Zimet: Ellen created this character, Donna Monitor, a real estate agent in the third episode and then Lisa wrote her into the first episode. We were trying not only to pick up on the characters but on recurring phrases or physical gesture in different contexts.

Maddow: I took verbatim two pages of Lisa’s text and gave them to different characters in my episode. There were a lot of rules and procedures, some of which we regret.

Rail: Are the “commercials” recognizable as commercials?

Zimet: They are recognizable as interludes because there is an explosion of song and dance, or a breakout into a completely different style. Country Western songs, A Bollywood number, cooking shows.

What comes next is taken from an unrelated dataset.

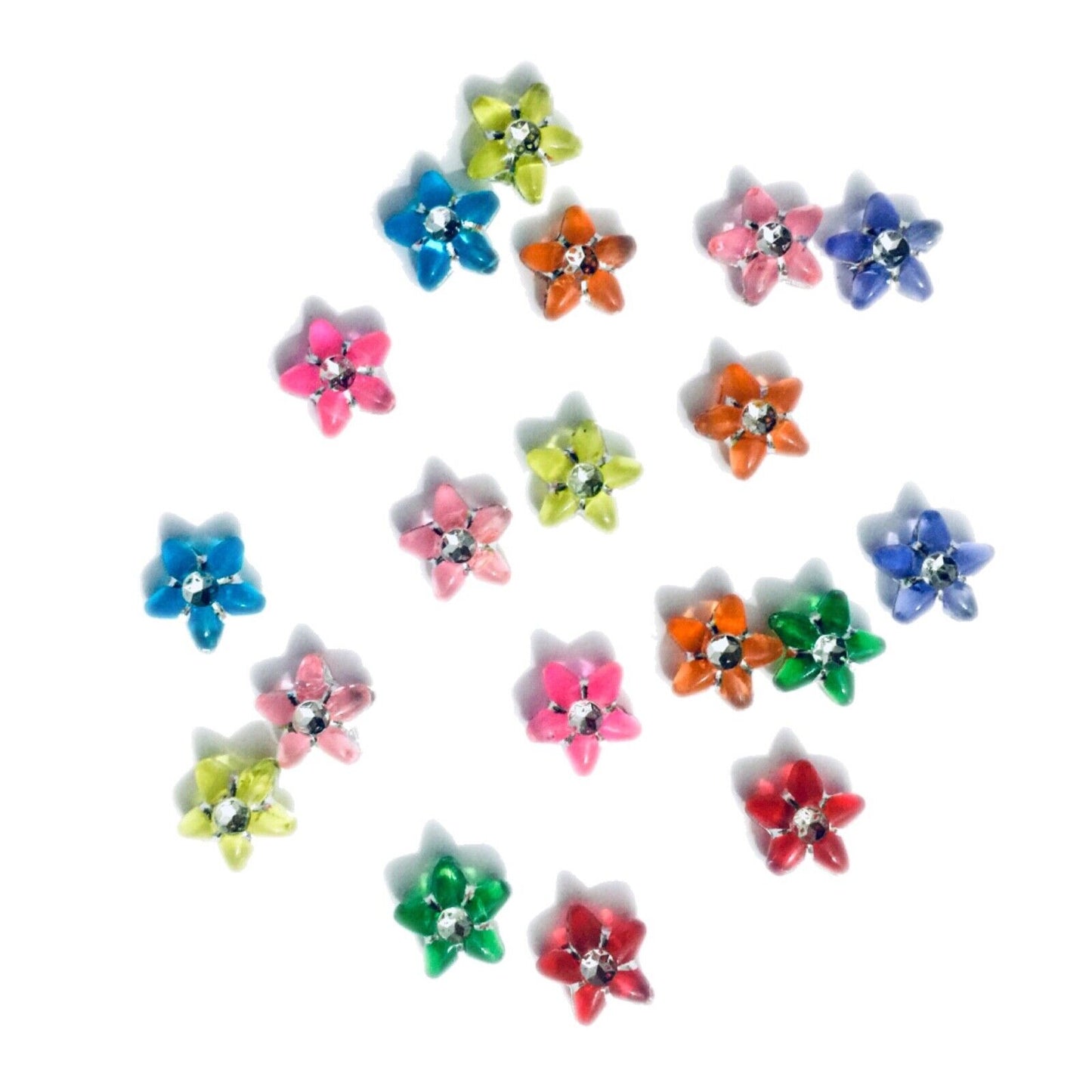 200x Mix Coloured 10MM Star Diamanté Beads - Pick Your Style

Maddow: John the Butler has a cooking show. He tends to like to eat things that are very dry or painful to eat. His whole life is like that. He sleeps on a very hard bed. There is a Busby Berkely number in episode seven where everyone is in pajamas and falls in love with everyone else.

Rail: There’s a strong connection to melodrama.

Zimet: Yes, well the acting style is not like TV. I think its closer to melodrama but it‘s not as large, except in certain moments. There are certainly a lot of similar plot elements that TV shares with melodrama and we wanted to transfer that structure back to live theatre.

Maddow: I think that’s part of what the exploration is actually. What we are doing right now in rehearsal. What is that style of acting that we are sort of inventing to fit the material.

Zimet: The Talking Band productions are usually meticulously scored and choreographed. This production, by the very nature of the process, will be much rougher, more improvisational. Fortunately, we are working with really skilled actors who have embraced the feeling of chance and of playing it on the wing.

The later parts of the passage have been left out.